Closed form of $\prod_{n=0}^{\infty}\frac1{1+x^{2^n}}$

Question

In the qualifying exam for the MIT integration bee 2023, the following question was asked: $$\int_0^1\prod_{n=0}^{\infty}\frac1{1+x^{2^n}}dx$$I graphed the integrand (denoted as $f(x)$) and from what I could see it is equal to $-x+1$ when $|x|<1$ and $0$ elsewhere.

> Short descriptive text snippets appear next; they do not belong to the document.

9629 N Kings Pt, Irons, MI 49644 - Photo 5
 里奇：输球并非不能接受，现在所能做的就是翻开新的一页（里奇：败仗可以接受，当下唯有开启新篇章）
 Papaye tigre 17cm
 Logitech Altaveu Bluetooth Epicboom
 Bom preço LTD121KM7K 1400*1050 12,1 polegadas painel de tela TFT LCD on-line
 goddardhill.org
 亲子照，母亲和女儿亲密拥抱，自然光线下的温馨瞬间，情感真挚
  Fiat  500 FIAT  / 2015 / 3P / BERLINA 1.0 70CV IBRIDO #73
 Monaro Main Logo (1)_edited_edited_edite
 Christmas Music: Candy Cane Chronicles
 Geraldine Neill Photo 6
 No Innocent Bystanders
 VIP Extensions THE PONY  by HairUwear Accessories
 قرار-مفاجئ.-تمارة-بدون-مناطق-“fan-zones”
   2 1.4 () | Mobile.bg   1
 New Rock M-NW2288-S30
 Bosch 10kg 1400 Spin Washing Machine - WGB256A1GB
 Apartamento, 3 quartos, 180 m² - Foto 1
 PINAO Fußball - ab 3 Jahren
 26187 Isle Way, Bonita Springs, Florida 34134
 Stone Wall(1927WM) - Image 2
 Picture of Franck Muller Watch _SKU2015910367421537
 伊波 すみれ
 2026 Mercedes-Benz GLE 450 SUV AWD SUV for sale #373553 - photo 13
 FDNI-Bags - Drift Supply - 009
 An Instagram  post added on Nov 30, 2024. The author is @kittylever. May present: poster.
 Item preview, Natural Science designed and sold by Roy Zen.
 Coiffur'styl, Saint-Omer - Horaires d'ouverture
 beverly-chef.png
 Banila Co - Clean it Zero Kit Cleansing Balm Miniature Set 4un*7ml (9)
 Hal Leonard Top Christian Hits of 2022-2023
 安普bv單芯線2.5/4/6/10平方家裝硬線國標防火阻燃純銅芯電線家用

All I was able to do was prove that $f(0)=1$ and $f(1)=0$. So how could I find a closed form for this product?

Answer 1

This is a telescoping product.

$$(1-x^{2^n})(1+x^{2^n}) = 1 - x^{2^{n+1}}.$$

Therefore, $$(1-x) \prod_{n=0}^N (1+x^{2^n}) = 1 - x^{2^{N+1}}.$$

The rest of the details I leave to you as an exercise.

Answer 2

Re-write the product: $$\prod_{k=0}^\infty\frac1{1+x^{2^k}}=\frac1{\prod_{k=0}^\infty(1+x^{2^k})}$$Expanding the first few partial products of the denominator, we get that it seems to be $$\prod_{k=0}^N(1+x^{2^k})=\frac{1-x^{2\epsilon(N)}}{1-x^2}(1+x)=\frac{1-x^{2\epsilon(N)}}{1-x}$$Where $\epsilon(N)=\sum_{k=1}^n2^k$. As $N$ approaches infinity, the numerator becomes $1$. Taking the reciprocal gives the answer.